For a quarter-century, more American Catholics felt their church was out of touch with their needs than the other way around. Just before the election of Pope Francis two-and-a-half years ago, the margin was 53 percent (out of touch) to 39 percent (in touch).
Since then, according to a new New York Times/ CBS poll,the numbers have reversed: 53 percent now think the church is in touch with their needs as compared to 40 percent who think it’s out of touch. There’s been an even stronger reversal about whether things are getting better or worse in the church (or stayed the same), from 17 percent (better)-22 percent (worse)-60 percent (same) to 36 percent (better)-12 percent (worse)-49 percent (same).
The evidence of a Francis effect is detectable in other ways. Two-and-a-half years ago, just 19 percent thought Pope Benedict and the Vatican had done a good job of handling the clergy abuse crisis, while 69 percent thought they’d done a poor job. Now, 48 percent think Pope Francis and the Vatican have done a good job; 40 percent, a poor job. In toto, 53 percent of American Catholics strongly approve of the direction Francis is leading the church, with an additional 26 percent approving somewhat.

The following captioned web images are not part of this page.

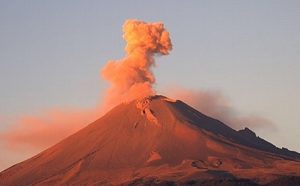 Descubren cráter nuevo en el Popocatépetl que facilita salida de ceniza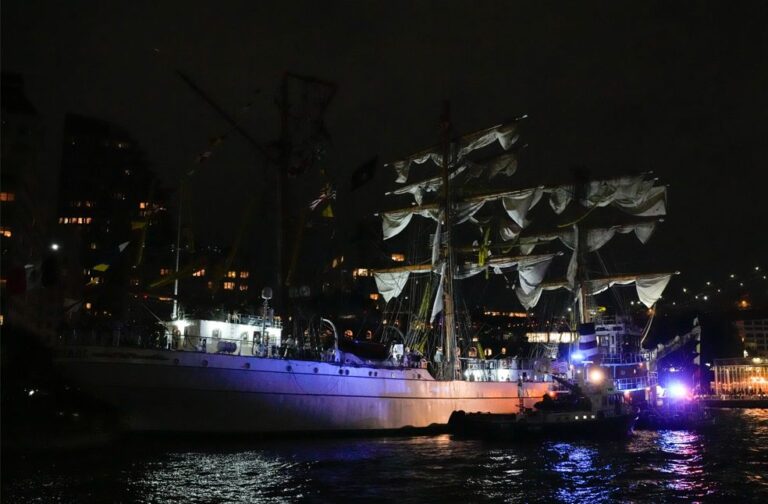 Mexican Navy training ship Cuauhtémoc hits Brooklyn Bridge_Image Via_X_Mayor Eric Adams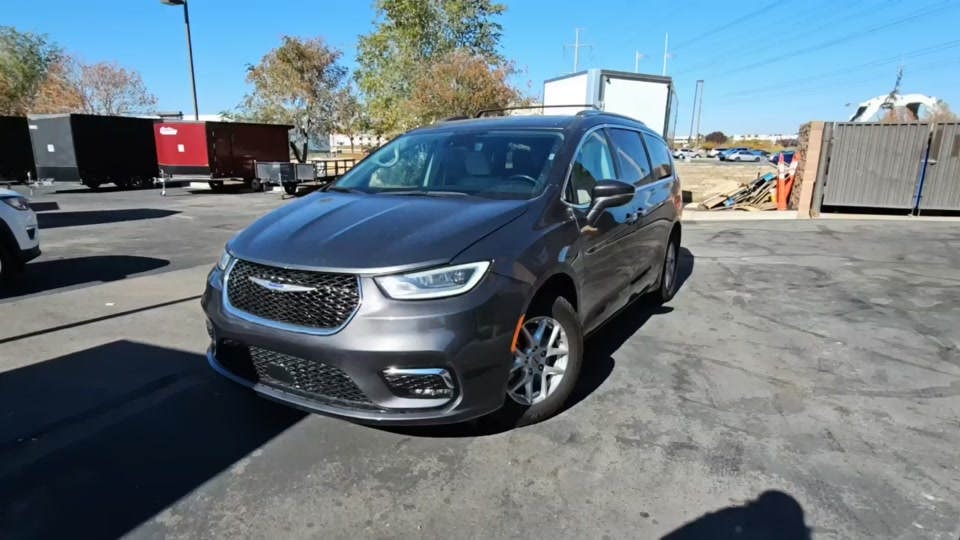 2021 Chrysler Pacifica Touring L 121.6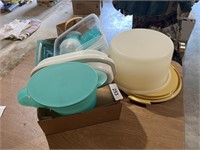 Tupperware Cake Cover & Other Plastic Ware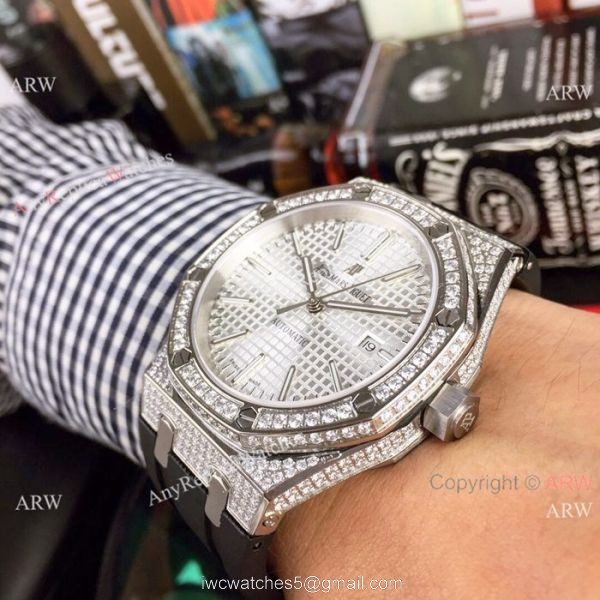 Audemars Piguet Royal Oak Diamond Replica Watches 43mm Black Dial 1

An overwhelmingly majority approve of his support for the poor, and by large majorities approve of the job he’s doing addressing the environment, immigration, and the global distribution of wealth. They’re similarly supportive on issues specifically related to the church. Eighty-seven percent approve of his recent decision to speed up the annulment process. On the neuralgic issue of whether to Catholics who have divorced and remarried without an annulment should be allowed to take Communion, 63 percent say they should.

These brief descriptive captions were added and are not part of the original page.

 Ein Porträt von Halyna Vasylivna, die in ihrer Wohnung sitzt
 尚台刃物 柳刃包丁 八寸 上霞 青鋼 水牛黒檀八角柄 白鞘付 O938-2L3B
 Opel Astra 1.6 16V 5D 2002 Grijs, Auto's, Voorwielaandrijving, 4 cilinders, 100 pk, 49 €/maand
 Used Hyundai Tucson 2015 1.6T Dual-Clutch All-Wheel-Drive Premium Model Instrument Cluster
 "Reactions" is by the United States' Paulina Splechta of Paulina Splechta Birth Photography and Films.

In line with previous surveys, two-thirds of American Catholics said they think that priests should be allowed to marry and that women should be allowed to be priests. Three-quarters approve of artificial birth control.
There’s been a certain amount of chatter about conservative opposition to the pope, and it is not hard to identify Catholic clerics and lay people (including some prominent intellectuals) who are unhappy with what Francis is doing. But conservative Catholics as a whole don’t feel that way. Forty-eight percent of them strongly approve of the direction he’s taking the church and 26 percent somewhat approve. (Ten percent somewhat disapprove and four percent strongly disapprove.) This, despite the fact that they are evenly divided on the question of whether he has the same priorities they do.
Nor is it the case that it’s the lukewarm and lapsed who really like this pope. To the contrary, 66 percent of weekly Mass attenders strongly approve of Francis’ direction, as compared with 47 percent of those who attend less frequently.
In total, 30 percent of American Catholics say they think the church has changed “a lot” during Francis’ short tenure as pope and 46 percent say it’s changed “somewhat.” I’d say that, as His Holiness prepares to roll into the U.S. for the first time, they’re up for a good deal more of what he has to offer.